Samuel Johnson (10 October 1822 Salem, Massachusetts – 19 February 1882 North Andover, Massachusetts) was a United States clergyman and author.

Biography

Johnson graduated from Harvard in 1842, and from the Harvard Divinity School in 1846. He joined no religious denomination. Save for one year with a Unitarian church in Dorchester, Massachusetts, where he displeased his congregation by his opposition to slavery, he was not settled as a minister until 1853. In 1853, he established an independent society in Lynn, Massachusetts, with which he remained till 1870, when he withdrew to complete studies of many years, the results of which appeared later in his publications.

Literary work

With Samuel Longfellow, Johnson compiled a Book of Hymns (1846) and Hymns of the Spirit (1864). Some of his own inspiring hymns in these books are now found in the collections of various denominations. His critical study The Worship of Jesus (1868), written in accordance with his views of universal religion, is described by O. B. Frothingham as “perhaps the most penetrating and uplifting essay on that subject in any language.” He printed notable essays on religion, reform, etc., in The Radical and other periodicals.

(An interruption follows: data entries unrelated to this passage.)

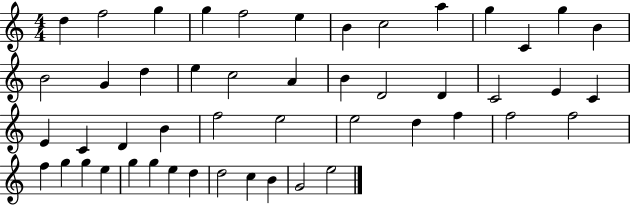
{
  \clef treble
  \numericTimeSignature
  \time 4/4
  \key c \major
  d''4 f''2 g''4 | g''4 f''2 e''4 | b'4 c''2 a''4 | g''4 c'4 g''4 b'4 | \break b'2 g'4 d''4 | e''4 c''2 a'4 | b'4 d'2 d'4 | c'2 e'4 c'4 | \break e'4 c'4 d'4 b'4 | f''2 e''2 | e''2 d''4 f''4 | f''2 f''2 | \break f''4 g''4 g''4 e''4 | g''4 g''4 e''4 d''4 | d''2 c''4 b'4 | g'2 e''2 | \break \bar "|."
}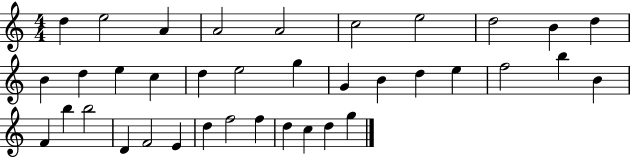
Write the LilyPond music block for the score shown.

{
  \clef treble
  \numericTimeSignature
  \time 4/4
  \key c \major
  d''4 e''2 a'4 | a'2 a'2 | c''2 e''2 | d''2 b'4 d''4 | \break b'4 d''4 e''4 c''4 | d''4 e''2 g''4 | g'4 b'4 d''4 e''4 | f''2 b''4 b'4 | \break f'4 b''4 b''2 | d'4 f'2 e'4 | d''4 f''2 f''4 | d''4 c''4 d''4 g''4 | \break \bar "|."
}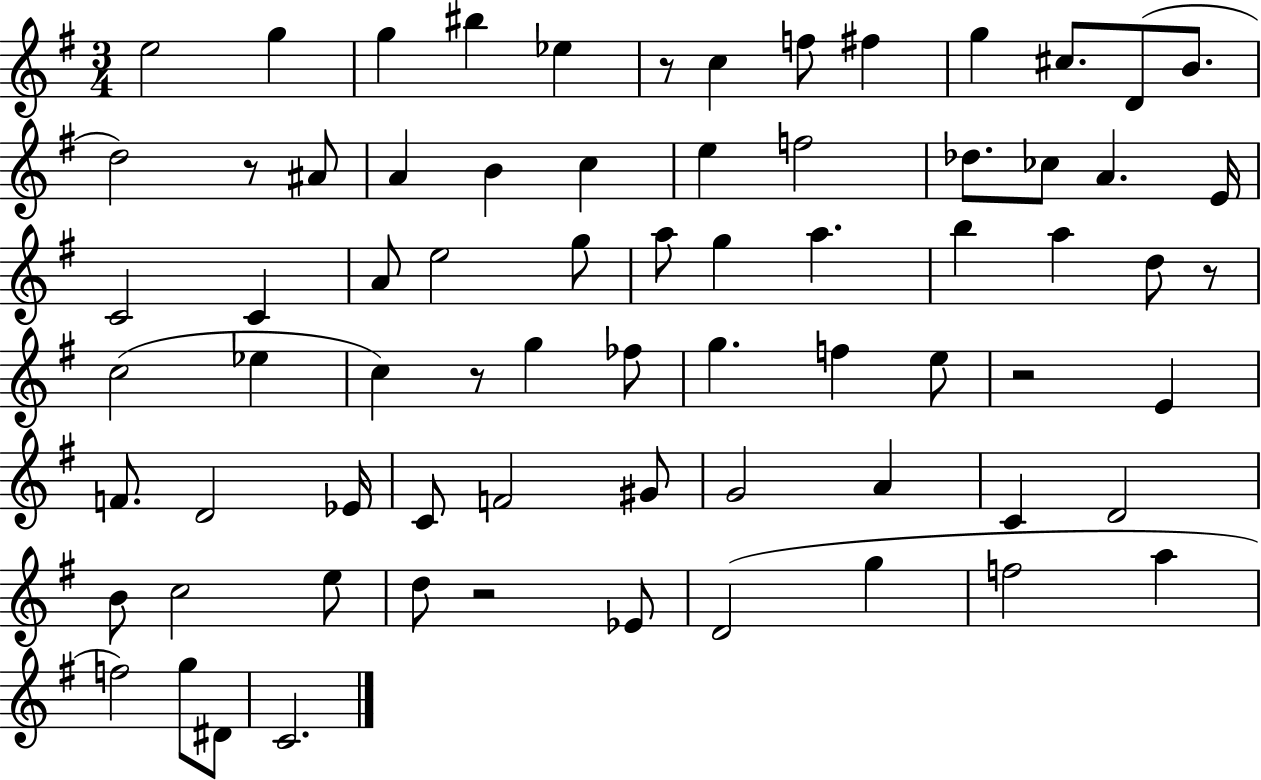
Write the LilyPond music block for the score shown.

{
  \clef treble
  \numericTimeSignature
  \time 3/4
  \key g \major
  e''2 g''4 | g''4 bis''4 ees''4 | r8 c''4 f''8 fis''4 | g''4 cis''8. d'8( b'8. | \break d''2) r8 ais'8 | a'4 b'4 c''4 | e''4 f''2 | des''8. ces''8 a'4. e'16 | \break c'2 c'4 | a'8 e''2 g''8 | a''8 g''4 a''4. | b''4 a''4 d''8 r8 | \break c''2( ees''4 | c''4) r8 g''4 fes''8 | g''4. f''4 e''8 | r2 e'4 | \break f'8. d'2 ees'16 | c'8 f'2 gis'8 | g'2 a'4 | c'4 d'2 | \break b'8 c''2 e''8 | d''8 r2 ees'8 | d'2( g''4 | f''2 a''4 | \break f''2) g''8 dis'8 | c'2. | \bar "|."
}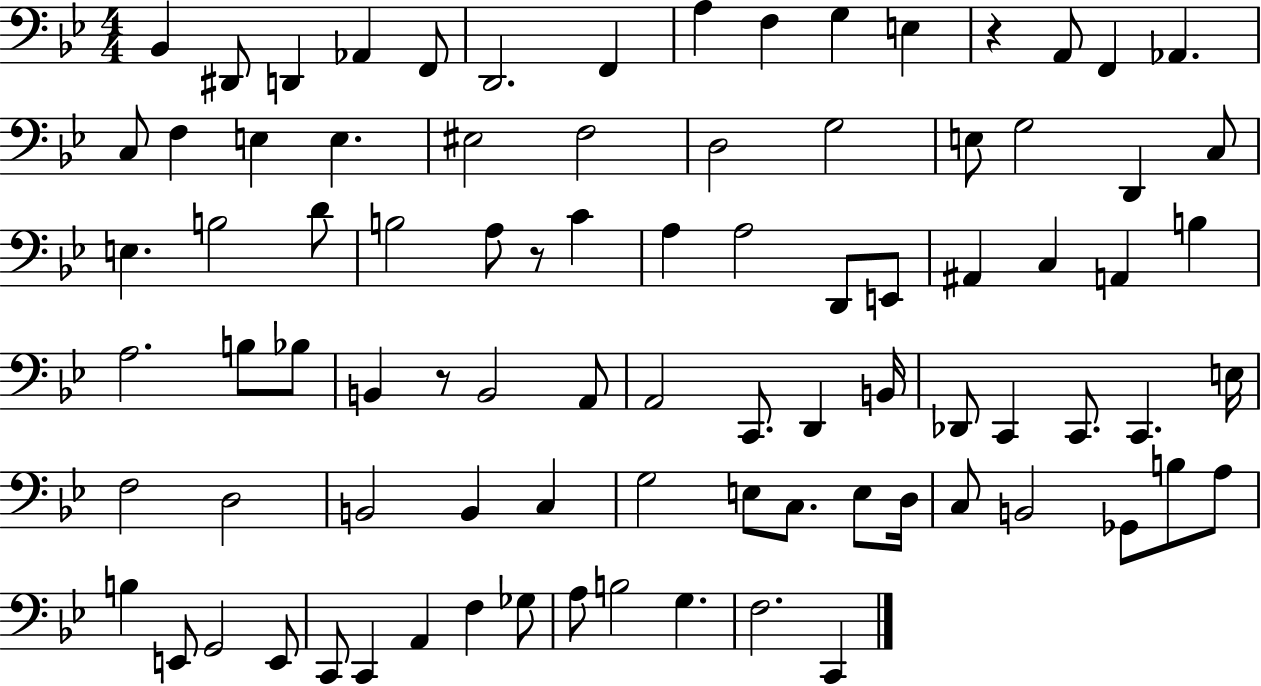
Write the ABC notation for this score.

X:1
T:Untitled
M:4/4
L:1/4
K:Bb
_B,, ^D,,/2 D,, _A,, F,,/2 D,,2 F,, A, F, G, E, z A,,/2 F,, _A,, C,/2 F, E, E, ^E,2 F,2 D,2 G,2 E,/2 G,2 D,, C,/2 E, B,2 D/2 B,2 A,/2 z/2 C A, A,2 D,,/2 E,,/2 ^A,, C, A,, B, A,2 B,/2 _B,/2 B,, z/2 B,,2 A,,/2 A,,2 C,,/2 D,, B,,/4 _D,,/2 C,, C,,/2 C,, E,/4 F,2 D,2 B,,2 B,, C, G,2 E,/2 C,/2 E,/2 D,/4 C,/2 B,,2 _G,,/2 B,/2 A,/2 B, E,,/2 G,,2 E,,/2 C,,/2 C,, A,, F, _G,/2 A,/2 B,2 G, F,2 C,,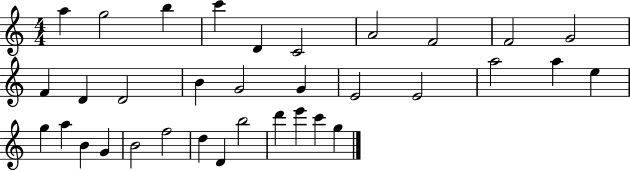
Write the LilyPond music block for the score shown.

{
  \clef treble
  \numericTimeSignature
  \time 4/4
  \key c \major
  a''4 g''2 b''4 | c'''4 d'4 c'2 | a'2 f'2 | f'2 g'2 | \break f'4 d'4 d'2 | b'4 g'2 g'4 | e'2 e'2 | a''2 a''4 e''4 | \break g''4 a''4 b'4 g'4 | b'2 f''2 | d''4 d'4 b''2 | d'''4 e'''4 c'''4 g''4 | \break \bar "|."
}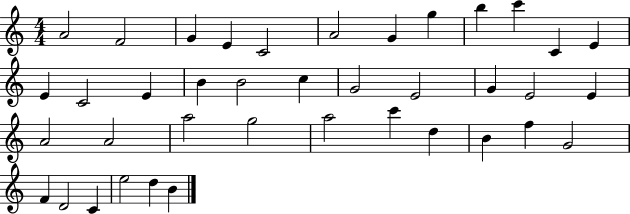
A4/h F4/h G4/q E4/q C4/h A4/h G4/q G5/q B5/q C6/q C4/q E4/q E4/q C4/h E4/q B4/q B4/h C5/q G4/h E4/h G4/q E4/h E4/q A4/h A4/h A5/h G5/h A5/h C6/q D5/q B4/q F5/q G4/h F4/q D4/h C4/q E5/h D5/q B4/q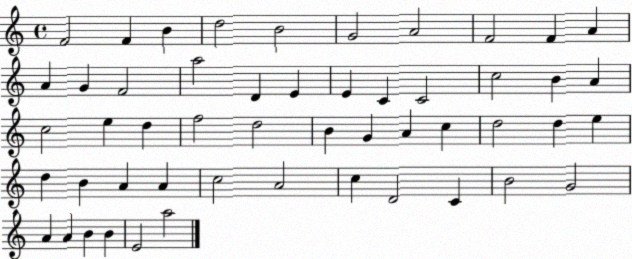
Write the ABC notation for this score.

X:1
T:Untitled
M:4/4
L:1/4
K:C
F2 F B d2 B2 G2 A2 F2 F A A G F2 a2 D E E C C2 c2 B A c2 e d f2 d2 B G A c d2 d e d B A A c2 A2 c D2 C B2 G2 A A B B E2 a2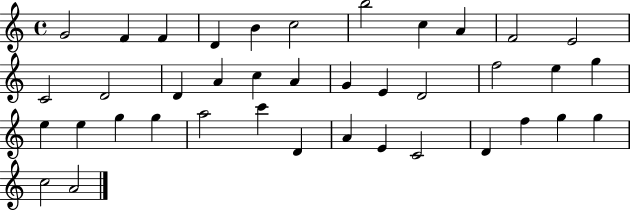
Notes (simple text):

G4/h F4/q F4/q D4/q B4/q C5/h B5/h C5/q A4/q F4/h E4/h C4/h D4/h D4/q A4/q C5/q A4/q G4/q E4/q D4/h F5/h E5/q G5/q E5/q E5/q G5/q G5/q A5/h C6/q D4/q A4/q E4/q C4/h D4/q F5/q G5/q G5/q C5/h A4/h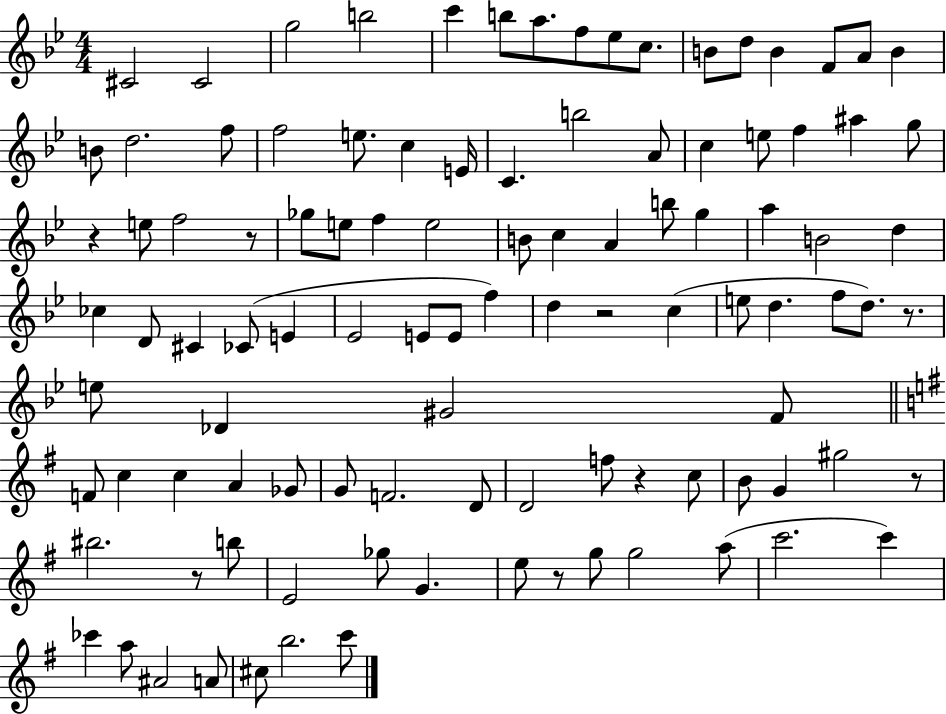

His great series Oriental Religions included volumes on India (1872), China (1877) and Persia (1885). The volume on Persia contains an introduction and a critical estimate of Johnson by Frothingham. The series represents what Johnson himself calls his “purely humanistic point of view.” It took its place among the most learned and liberal contributions to the study of comparative religion and civilisation. His philosophy was highly transcendental; but being versed in many languages, he was acquainted with all schools, and with the results of history, literature, science and criticism in every department.

Scholars have compared his competence, patience and thoroughness in writing Oriental Religions with the same qualities in Darwin. Prof. E. J. Eitel, the German orientalist, wrote of “Johnson's pre-eminent merits as the historian of universal religion,” and F. Max Müller paid him tribute as the finder of “a religion behind all religions.”

Johnson's Theodore Parker (1890) is a profoundly spiritual interpretation of that preacher and reformer, whose work on the intellectual side was surpassed by Johnson's, while on the moral side, as in the anti-slavery conflict, they stood as equal comrades. A little volume of Johnson's hymns, with other poems, was published in 1899.

References

  • Rines, George Edwin, ed. (1920). "Johnson, Samuel (preacher)" . Encyclopedia Americana.
  • Gilman, D. C.; Peck, H. T.; Colby, F. M., eds. (1905). "Johnson, Samuel (clergyman)" . New International Encyclopedia (1st ed.). New York: Dodd, Mead.

Further reading

  • Samuel Longfellow, Lectures, Essays and Sermons by Samuel Johnson, with a Memoir (Boston, 1883). This book contains some of Johnson's best papers, including lectures on “Switzerland” and “Florence,” the outgrowth of searching observations in Europe, “Equal Opportunity for Woman,” “Labor Parties and Labor Reform,” and an essay on “Transcendentalism.”